Try it: Begin at the line containing "Planta DKD Home" in the data below and go on through the line containing "African Elephant Bathing", repeating each line exactly; include both ends and no other line.

Information provided:
BEGIN

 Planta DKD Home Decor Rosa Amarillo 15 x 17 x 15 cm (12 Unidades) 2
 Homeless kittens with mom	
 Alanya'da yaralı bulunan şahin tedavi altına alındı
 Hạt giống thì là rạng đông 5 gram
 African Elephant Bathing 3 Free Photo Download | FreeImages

END
BEGIN

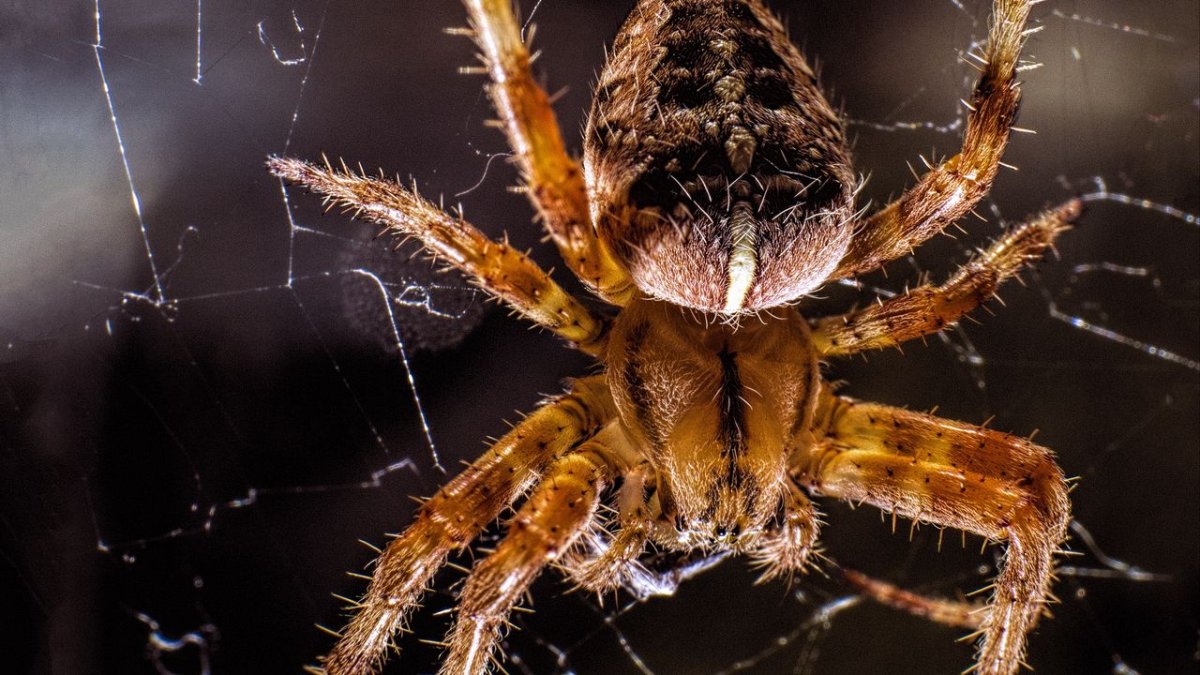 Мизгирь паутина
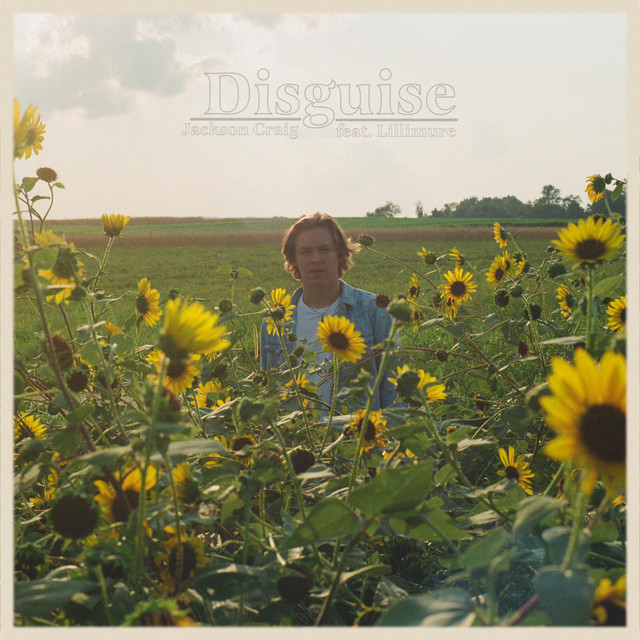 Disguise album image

END

Completed exercise:
 Planta DKD Home Decor Rosa Amarillo 15 x 17 x 15 cm (12 Unidades) 2
 Homeless kittens with mom	
 Alanya'da yaralı bulunan şahin tedavi altına alındı
 Hạt giống thì là rạng đông 5 gram
 African Elephant Bathing 3 Free Photo Download | FreeImages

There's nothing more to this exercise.